Meanwhile, Back In The Project Management World…

According to zdnet.com[i], 68% of Information Technology (IT) projects fail. And before the non-IT PM members of GTIM Nation roll their eyes and think “Yeah, well, that’s why they invented Agile/Scrum,” consider: virtually all of the management information you use to make the decisions that allow your projects to succeed is the product of one of the residual 32% of IT projects. Critical Path and Earned Value Management Systems don’t simply fall off the management information system tree into their consumers’ outstretched hands. Even if the existing systems appear to be sustainable, it doesn’t necessarily mean that they were successful. There must have been quite a few Babylonians who moved into seemingly sound houses who were ultimately disappointed (or dead) in order for the kill-the-builder law to have entered the Code of Hammurabi, after all.

So, how do we know if our Project Management Information Systems (PMISs) are of reliably quality? There are a bunch of software programs out there that purport to conduct a quality control check of Critical Path networks or EV systems’ output, and in some cases they do a pretty good job. I can’t say “most cases,” because I am not convinced that in most cases they perform a relevant function. Some of the systems that I find to be particularly disappointing perform functions such as checking for the number of start-to-start logical links among activities in a Critical Path network, and express the results as a percentage. For some reason, the conventional wisdom has averred that a percentage of such logic ties above a certain (rather low) threshold should be considered evidence of poor quality. Why? Because of the narrative that a high percentage of start-to-start logic links carries with it an enhanced possibility of returning artificial schedule variances.

Do I have to say it? This is just plain wrong, an attempt to slather on yet another layer of complexity in the name of PM maturity or quality. Clearly the primary quality test for any PM information system is whether or not the information system provided prior warning of a task at the reporting level coming in late or overrunning its budget. Now, had some researcher conducted an analysis of hundreds of projects that had actually come in late or overrun, and had traced a common pathology of their PMISs to artificially-generated positive schedule variances masking real negative ones until it was too late to efficiently correct[ii], then I would have no objections. But if that’s what happened, this researcher has not shown his work.
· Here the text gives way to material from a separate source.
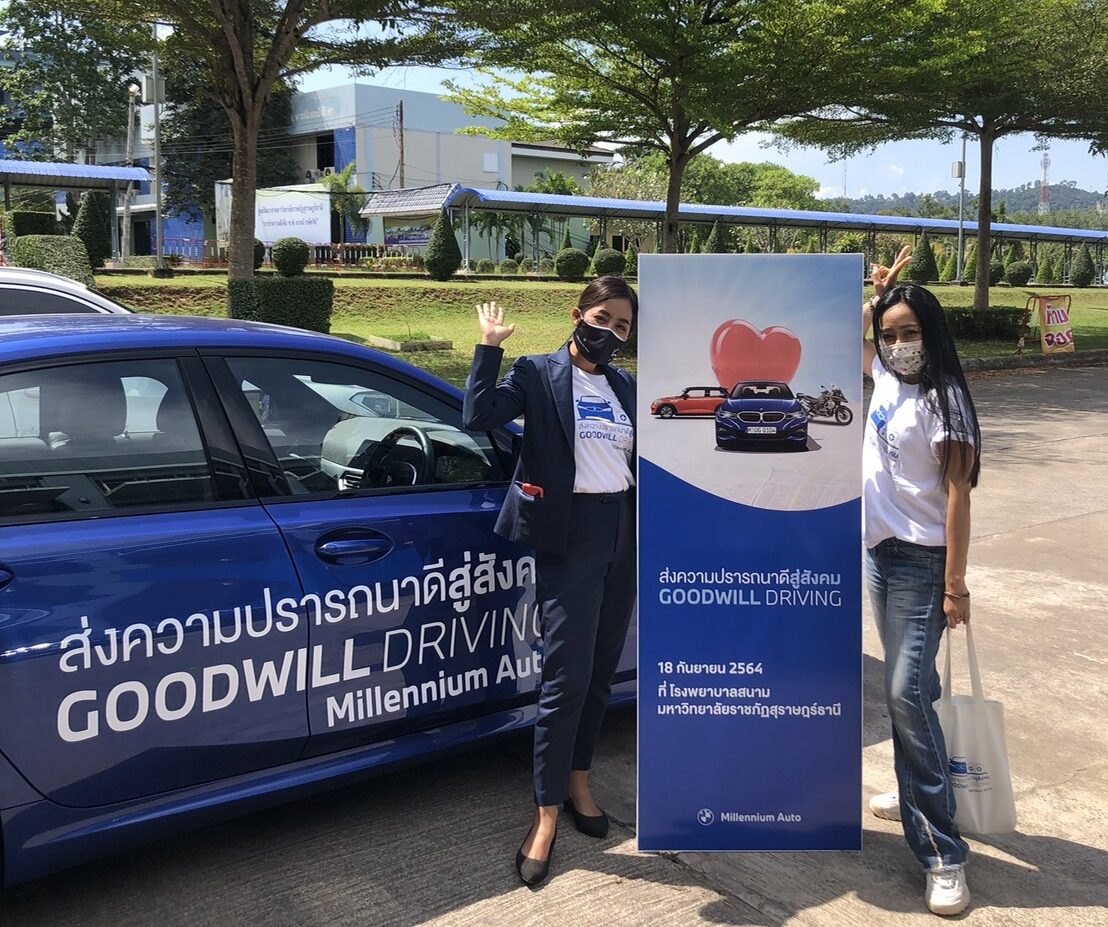 เอ็มจีซี-เอเชีย ส่งความปรารถนาดีสู่สังคม ในโครงการ GOODWILL DRIVING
Here’s the kicker: if this speculated fear were true, it would mean that those projects with “excessive” start-to-start logic ties would tend to report artificial negative variances, as those activities that could start with others actually didn’t. It’s analogous to the ancient Babylonian house appearing to be on the verge of collapse without ever actually losing structural integrity, and the law changing to “Whomsoever builds a house that the owner perceives is about to collapse, causing death, but never actually falls down or injures anyone, well, that builder should be put to death anyway.”

Well, enough of this “put to death” business. In its place, though, can we have the start-to-start logic ties Ringwraiths replaced with proponents of a real QC standard, like “did the PMIS accurately predict the overrun or delay?”

 


[i] Retrieved from  https://www.zdnet.com/article/study-68-percent-of-it-projects-fail/ , which itself cited an article entitled The Impact of Business Requirements on the Success of Technology Projects; however, the link doesn’t appear to work, 9:39 MDT 27 May 2019.

[ii] Similar to the approach that the excellent David Christensen used when researching the stability of projects’ Cost Performance Index in his now famous study.

Posted on: May 27, 2019 10:24 PM | Permalink | Comments (7)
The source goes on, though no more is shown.